Я не плохо относился к родителям, но автоматически, подчиняясь природному инстинкту, как ешь, пьешь, ходишь… И это самое ужасное: для родителей ты центр жизни, а они для тебя только фон. И родителям, и детям всего труднее понять, что те и другие — личности, столь же не похожие друг на друга, как чужие люди, хотя по крови и самые близкие. Легко нам было с дедушкой любить друг друга, сходясь в интересах столь же широких и неопределенных, как сама жизнь: разноцветные лоскутки, коробочки, прогулки, природа… Ас родителями дорастаешь уже до вполне определенных, личных требований друг к другу, хотя в отличие от возлюбленных родителей и не выбирают.
Здесь как бы двойной закон любви должен исполниться. Муж и жена любят друг друга как личности, по взаимному выбору. Внуки-внучки и дедушки-бабушки еще не успевают соприкоснуться своими личностями, они встречаются по воле природы, как существа родовые. Оба вида любви естественны, гармоничны, в них возможны полное слияние и отдача. Но между родителями и детьми сфера отношений расколота: тут личности успевают за время земного пути выявиться настолько, что чем дальше, тем больше расходятся, хотя и связаны кровной заботой и общностью душевно-физической жизни.

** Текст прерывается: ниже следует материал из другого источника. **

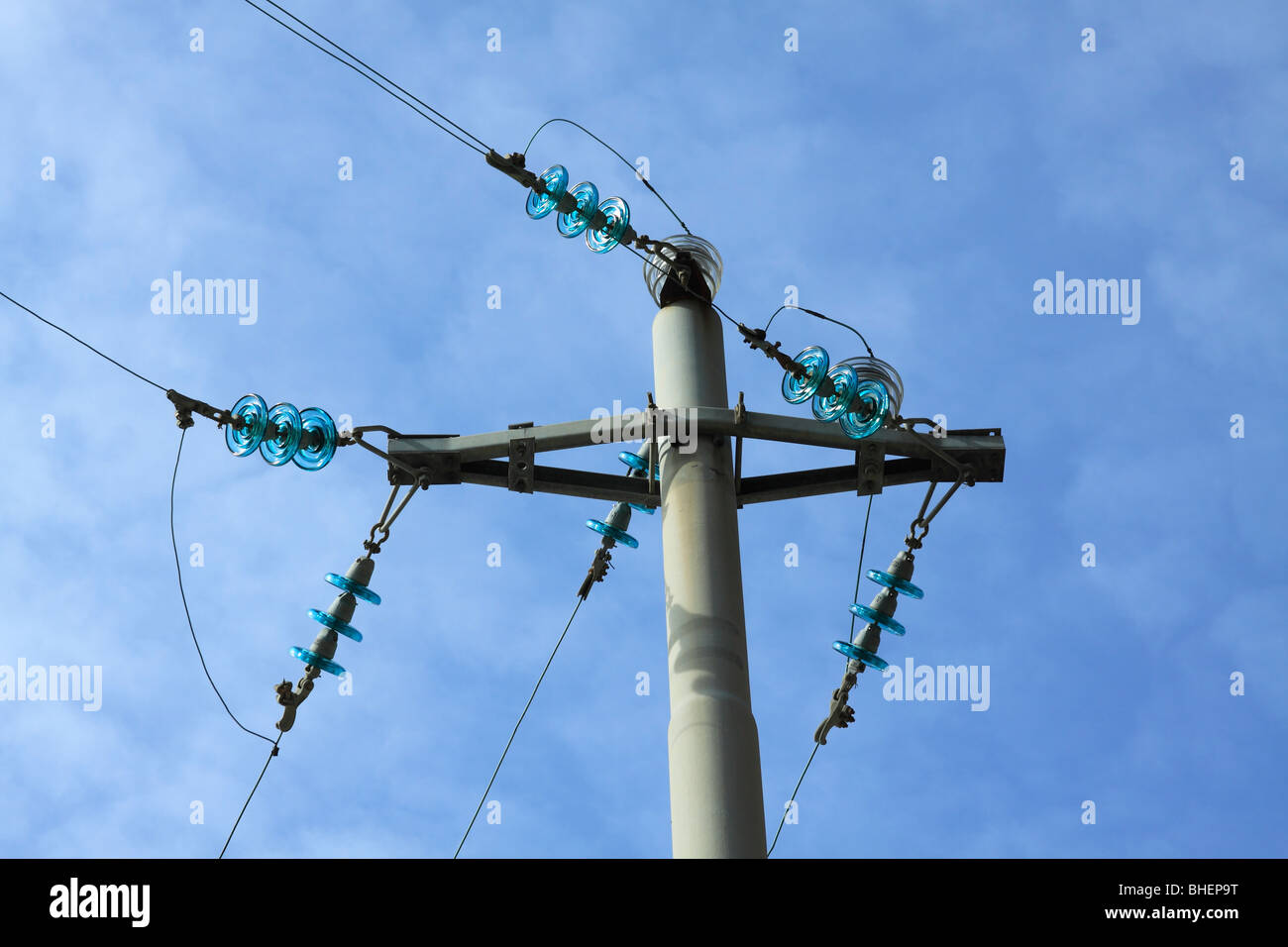 Strom-Pol auf blauen Himmelshintergrund Stockfoto
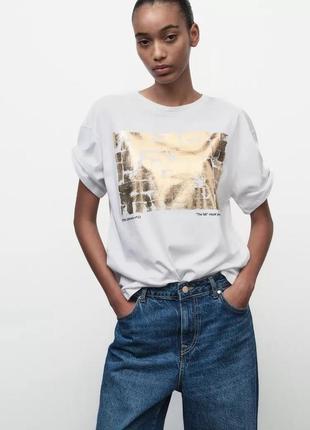 Футболка женская с металлизированным принтом zara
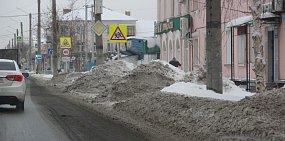 Снежная каша и горы снега на обочинах: Как выглядят дороги Орска после снегопада?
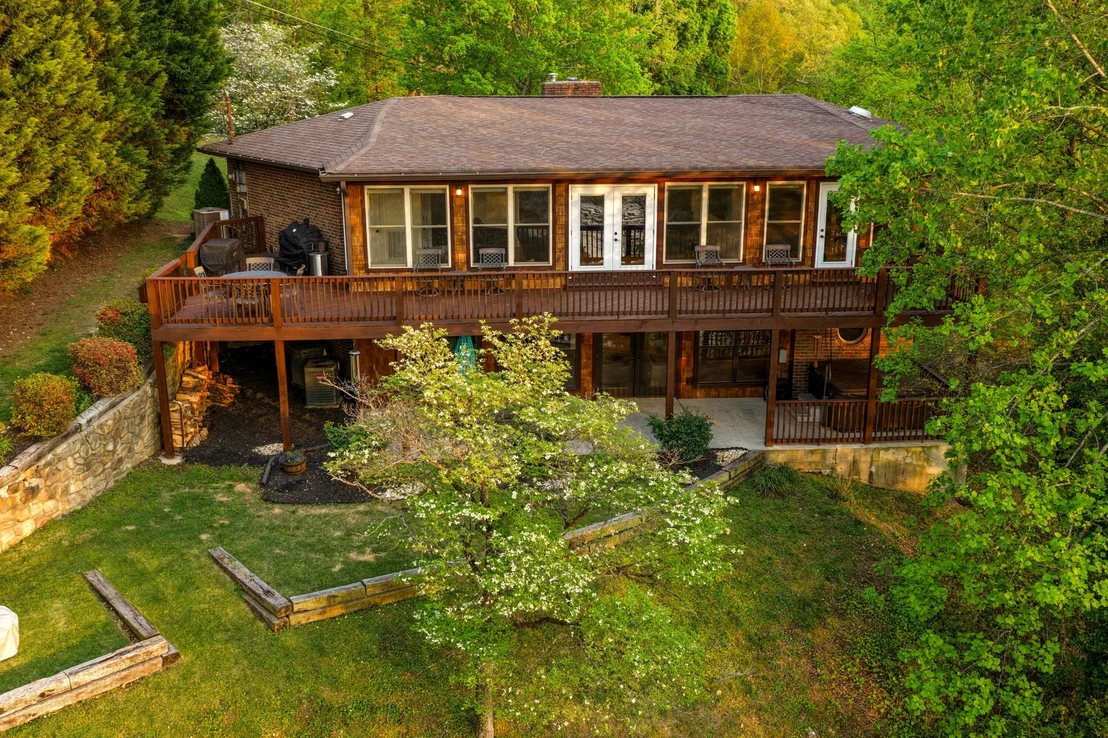 Photo of 979 Clift Cave Road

Вот отчего так трудно достижима здесь гармония: она, по сути, наивысшая, сочетающая личное и родовое. Внуки и дедушки-бабушки почти всегда любят друг друга. Часто встречаются и счастливые супружеские союзы. Труднее всего найти духовно наполненные отношения взрослых детей с родителями, сблизиться с ними в том, что выходит за пределы кровно-бытового. Для этого нужно войти в свою семью заново как свободная личность, совместно с близкими искать веру и смысл жизни. Тогда любовь отцов и детей растет не только на почве родственности, но и не в отрыве от нее, а в слиянии родства и свободы. Мало в этой любви удач, потому что и задача не по силам высока: «низшую жизнь» поднять до личного выбора, духовно подтвердить смысл собственного рождения.
По сути, ведь и путь ко всеобщей любви таков: природное единство человеческого рода превратить в умственный и сердечный союз личностей. Но как этого достичь, пока мы с родной кровью на чужом языке говорим и собственных родителей воспринимаем машинально, как будто они всего лишь послушные орудия природы, нас произведшие?
Подумай, в силах ли ты что-либо изменить в своем отношении к матери, — и тогда станет ясно, чего ты в праве ждать от дочери. Ведь прав у нас не больше, чем сил.